На одном из автоматчиков грязные туфли и на запястье браслеты — подарок Стэнли Смита.

Они скрылись на синей «Селике», машине Эдди Во.

Как в воду канули на Сайгон-Плаза, на которой полно народа.

Я получаю пленку с де Кором, платящим дань Нгуен Хаю.

Де Кор является на встречу с Мином.

Мин находит окровавленную, испачканную одежду Ли в гараже Эдди. Во всяком случае, он так утверждает.

Видеопленка с де Кором и Нгуеном похищена соперниками Эдди, бандой «Смуглолицых». Они перевернули вверх дном мое жилище. И вновь грязные ботинки, и это в середине августа.

Сплошные «что» и «когда». Но маловато «кто», или «как». И совсем нет «почему».

Кому, кроме Бенни, было известно, что эта пленка находится у меня?

Может быть, мне удастся это выяснить. Сегодня вечером.
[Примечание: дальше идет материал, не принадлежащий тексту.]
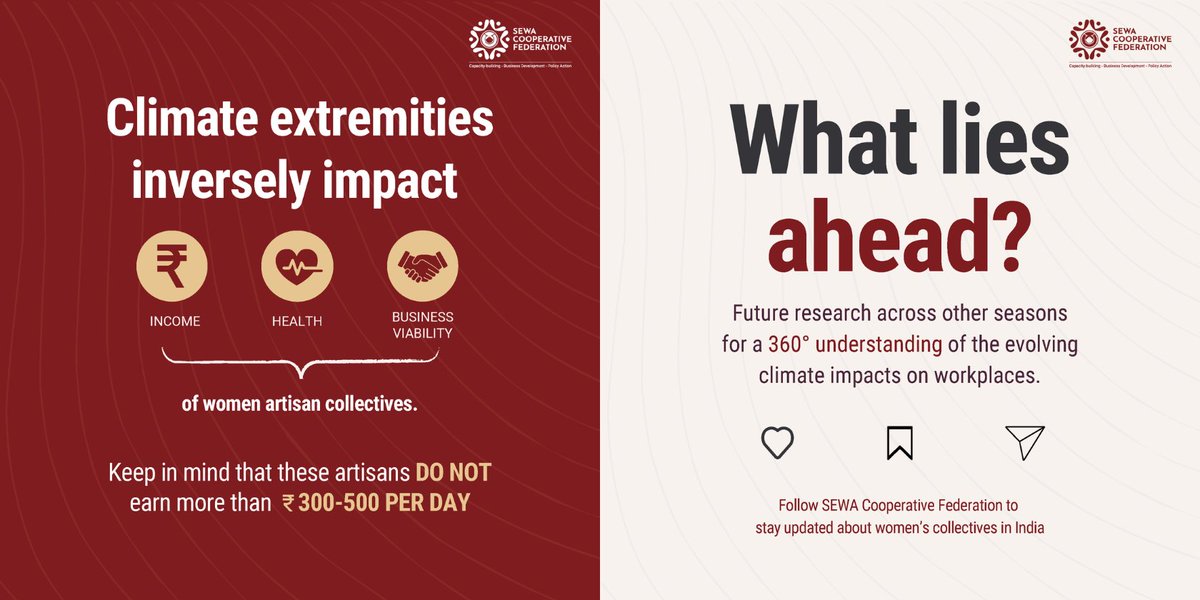 SEWAFed's tweet image. In partnership with Urban Design Square, we conducted a #HeatMapping study at SEWA Abodana Handicraft Cooperative’s workplace. These findings lay the groundwork for future studies in the space. Read our blog here 👉🏽 lnkd.in/gmCWa_VB and stay tuned for the final publication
Он побрел по Приморскому шоссе, купил по пути «Таймс», затем сделал глубокий вдох и нырнул в «Мегашоп» — повидаться с Биллом Антиохом. Он делал это из ощущения долга, поскольку Билл восемь лет был его партнером в единственном предприятии, в котором Фрай хоть чуть-чуть преуспел.

Все тот же запах, подумал Фрай: прорезиненных водозащитных костюмов, новых хлопчатобумажных рубашек, кожаных мегасандалий, свежей смолы на новеньких досках, сладкий, сексуальный запах «Мегавоска», состряпанного из экстракта кокоса и дорогостоящей мускусной добавки.

Он оценил товар визуально. Оставалось порядочно досок, коробки с сандалиями были разбросаны по всему полу, водозащитные костюмы теснились на вешалках, «Мегаскейты» громоздились в углу, «Мегафалы» болтались повсюду, на стенах висели выгоревшие плакаты, и все это было покрыто той же грустной пеленой пыли, что появилась здесь несколько месяцев назад, да так и не исчезла, словно некое новое вещество, которое не поддается удалению.

— Ничего не говори, Фрай. Тебе не терпится узнать, почему все так плохо, типичный притон, но ты сперва спроси себя, почему ты на все наплевал?

Антиох сидел за прилавком, читал «Самоучитель игры на гитаре» и шумно втягивал в себя молочный коктейль с неопределенным наполнителем. Идеальный загар, соответствующим образом вылинявшая гавайская сорочка, панцирная цепочка вокруг шеи как раз той длины, чтобы заигрывать с золотистыми волосами на его груди. Билл. Фрай улыбнулся, рассматривая не распроданные залежи «Мегавоска», по-прежнему выставленного на витрине с покосившимся призывом: «Покупатели Мегадряни! Истопите камин на рождество вашими серферами!»

— Привет, Билл! Как идет бизнес?

— Радикально плохо.

— А я вот подумал: надо зайти, отметиться.

— Последний раз ты отмечался здесь ровно год назад, дружище.

— Вот, опять занесло.

— Рад это слышать, Чак, но если ты хочешь дать нашей лавочке хороший толчок, тебе надо как следует разбежаться.

Фрай обернулся, чтобы еще раз осмотреть свой магазин, и чем внимательней он смотрел, тем мрачнее становилась картина. Стекла витрин удручали грязью, ковер на полу загажен, за прилавком горой громоздились журналы, товар, маркированный как уцененный, лежал без движения уже почти год. И кругом чертова пылища. Тупица с любопытством обнюхал доску за триста долларов и поднял ногу. Фрай пристегнул к ошейнику поводок. Собака подняла на него скорбный взгляд.